MATERIAL PROVIDED –
== == ==

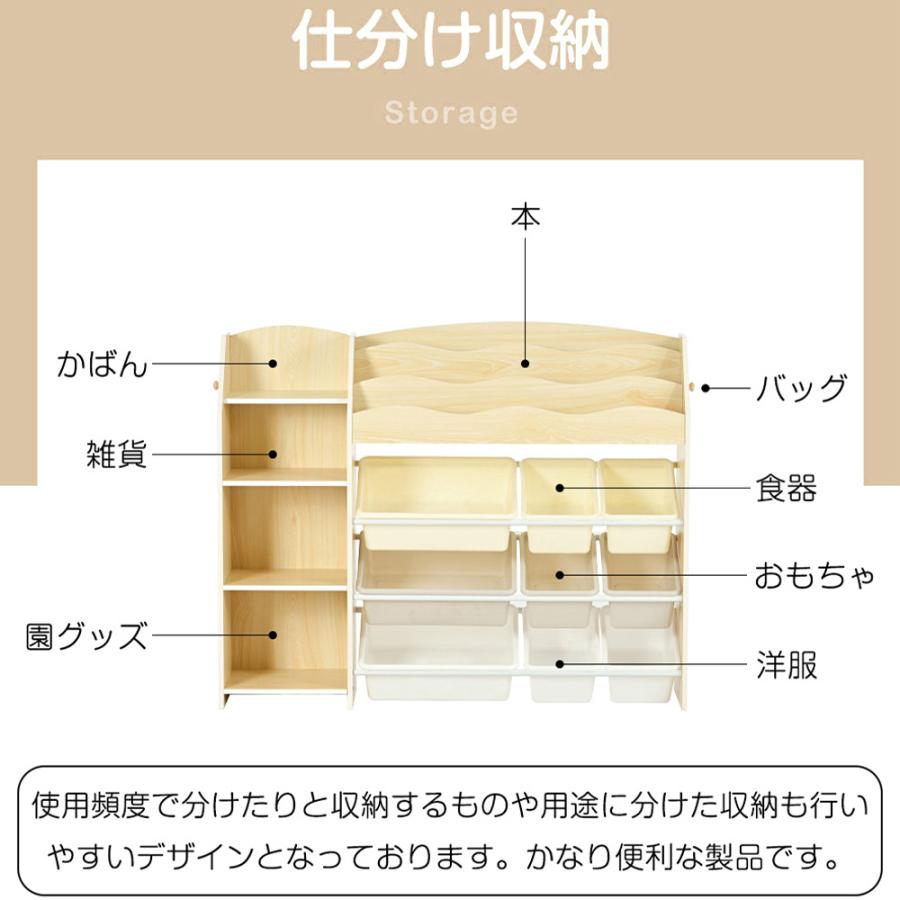 (a_a)＊プロフ確認お願いします＊ページ　Ｄタイプおもちゃ棚ハンドメイド BTM おもちゃ収納 木製 大容量 幅114 おもちゃ箱 絵本棚 子供部屋 収納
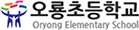 오룡초등학교 로고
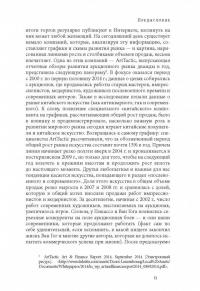 Арт-рынок в XXI веке. Пространство художественного эксперимента — Анна Арутюнова #9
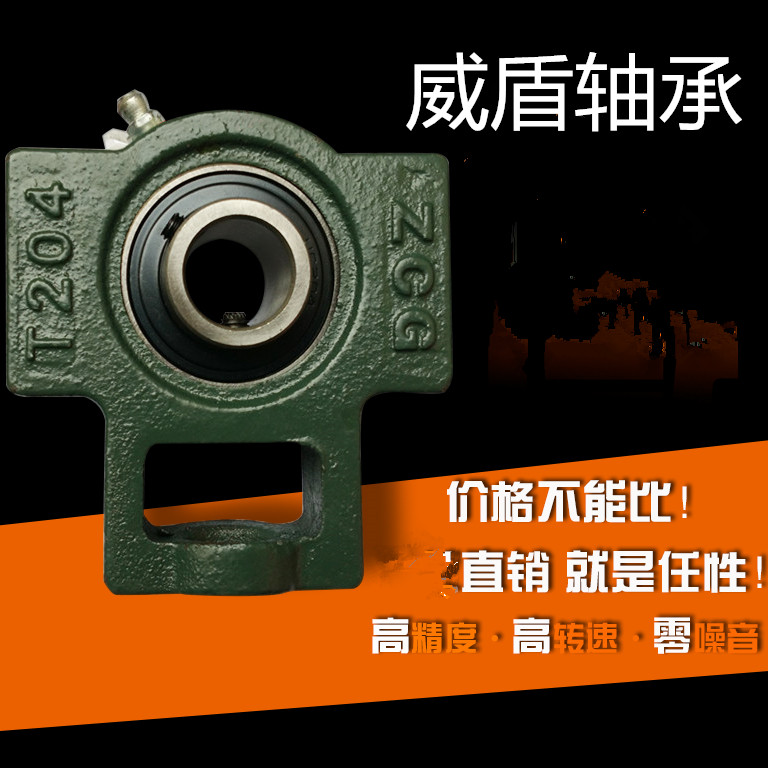 With seat external spherical bearing slider seat T type seat UCT211 212213214215216217218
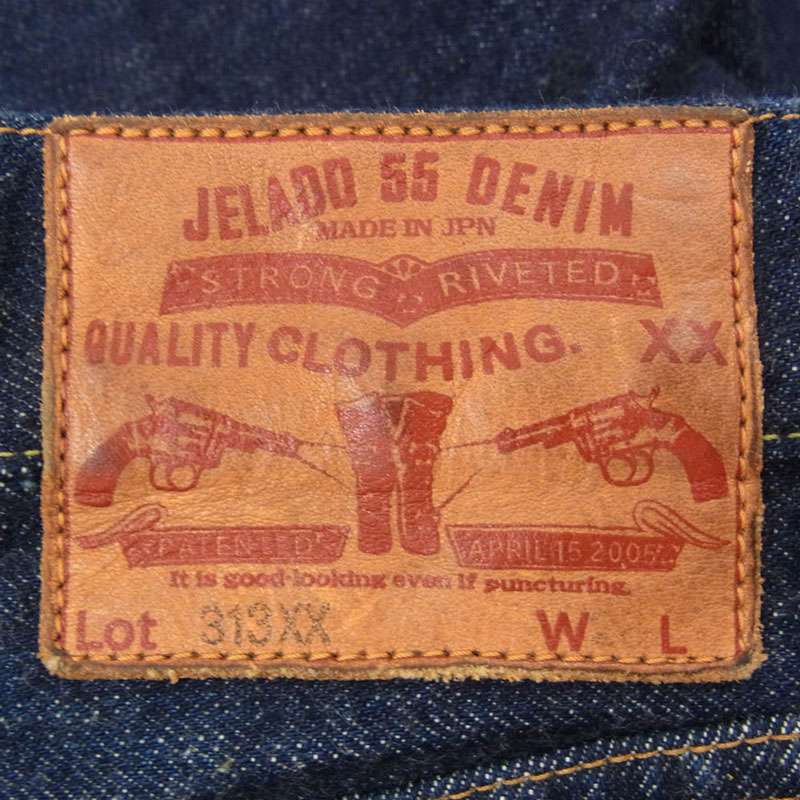 ジェラード 313XX Denim Pants デニム パンツ 買取実績 画像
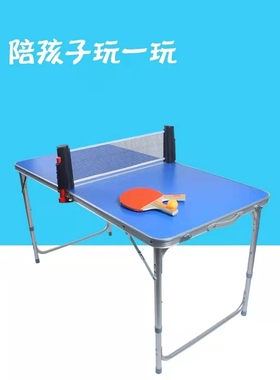 儿童乒乓球桌迷你折叠式家用娱乐案子室内可移动便携球台多功能桌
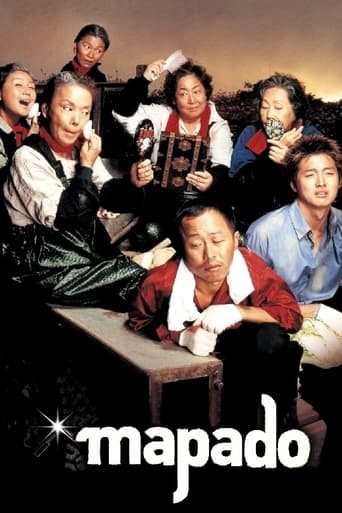 Poster of 마파도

== == ==

WHAT YOU ARE ASKED TO DO –
Nothing but the lines from the line with "ジェラード 313XX Denim Pants デニム パンツ 買取実績 画像" through the last line of the listing above should be repeated, and pictures should be left out.

RESULT FOR THIS TASK –
 ジェラード 313XX Denim Pants デニム パンツ 買取実績 画像
 儿童乒乓球桌迷你折叠式家用娱乐案子室内可移动便携球台多功能桌
 Poster of 마파도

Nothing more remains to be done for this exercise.